I saw Stick It this weekend instead. I hope to see it again many times, and I hope never to see United 93.

September 11th information and stories exist in the news; I don't like the idea of paying to see more. If the film is so must see, can't it be shown on PBS? No, that's silly. Let the movie makers profit from the tragedy. Unless the producers donate all the money to families of 9/11 victims (which could very well be the case, for all I know), I'd rather not pay to watch devastation.
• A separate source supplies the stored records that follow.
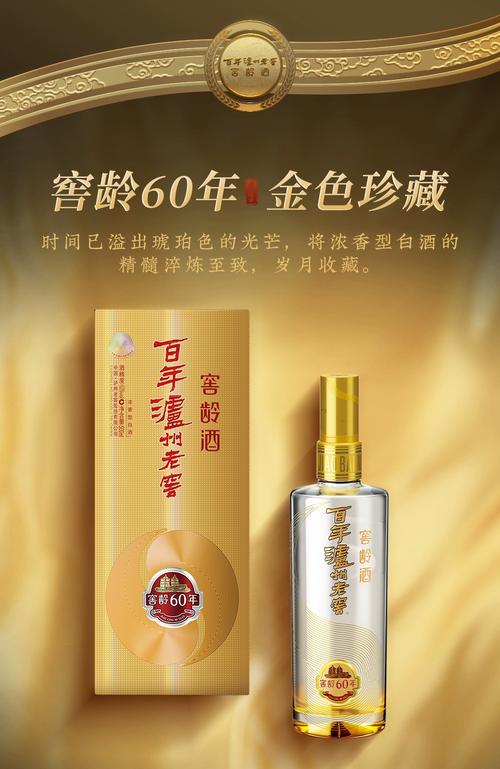 百年泸州窖龄酒抖音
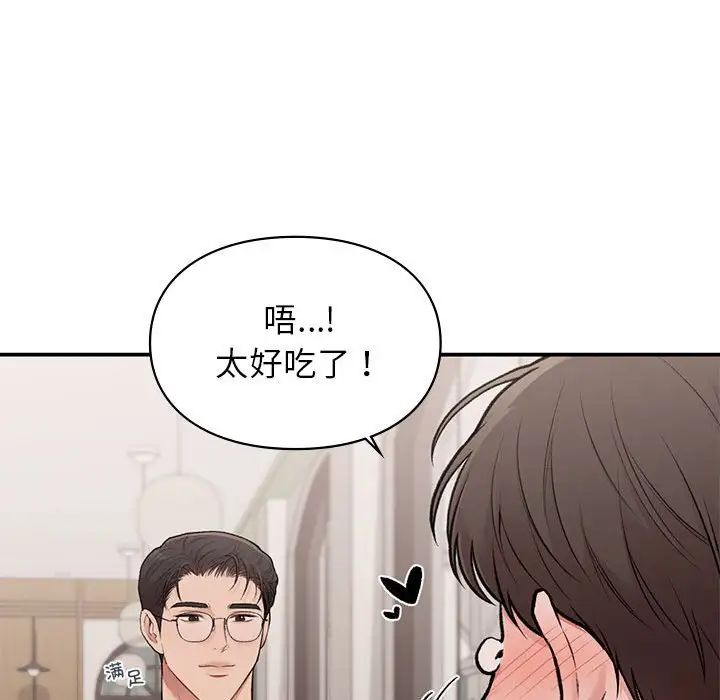 让我一见钟情的他第17話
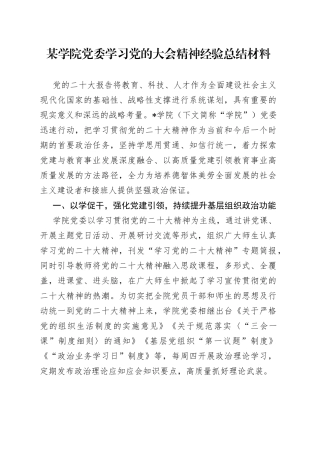 某学院党委学习党的大会精神经验总结材料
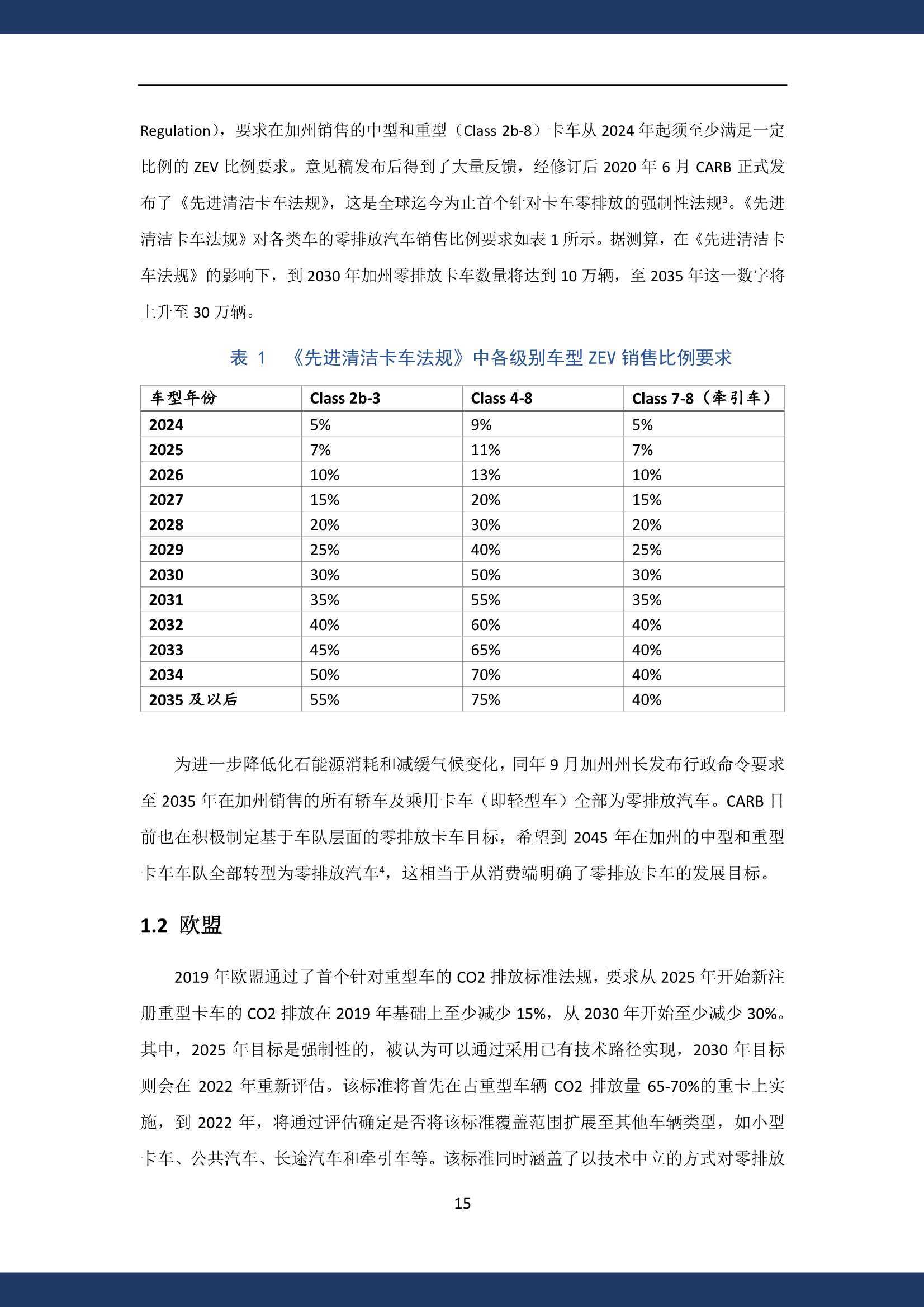 新澳天天开奖资料大全208,实地验证研究方案_MZO93.401随机版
Give me elite gymnasts over theatrical terrorists any day.

J.J. said...

So you'd also advocate that World War II movies should be avoided, unless all profits go to victims' families? Same for Vietnam movies? What about Hotel Rwanda? Should that not have been made because people were making money off a calamity? That, madame, is absurd. Let's all dismount from yon high horse. Fine, don't see the movie. But don't say it's a bloodthirsty profiteering venture without having experienced it. If you do, you'll see that it's a purer, much more elegant and respectful account than anything you get in "stories [that] exist in the news."

Ehil Bent said...
This comment has been removed by a blog administrator.
Ehil Bent said...

Loose Change

It's worth your time.

Beedow said...

saw it. loved it.
HANDS is the "starring" passenger -- unbelievable! (you know, HANDS from Boston Legal). Also, the original Baker, Chip Zien, is on board the flight. Crazy. What will we tell his kids? Daddy died in a baking accident, just like granddad? (sorry for the humor)

RC said...

really enjoyed reading your thoughts on the film...i think we had many similar thoughts.

Greengrass did a wonderfully fantastic job.

--RC of

AA said...

Your advice to get off the roof was excellent. We could have been witnesses to a Capital or its surroundings disaster. Those on board UA#93 may have saved our lives also.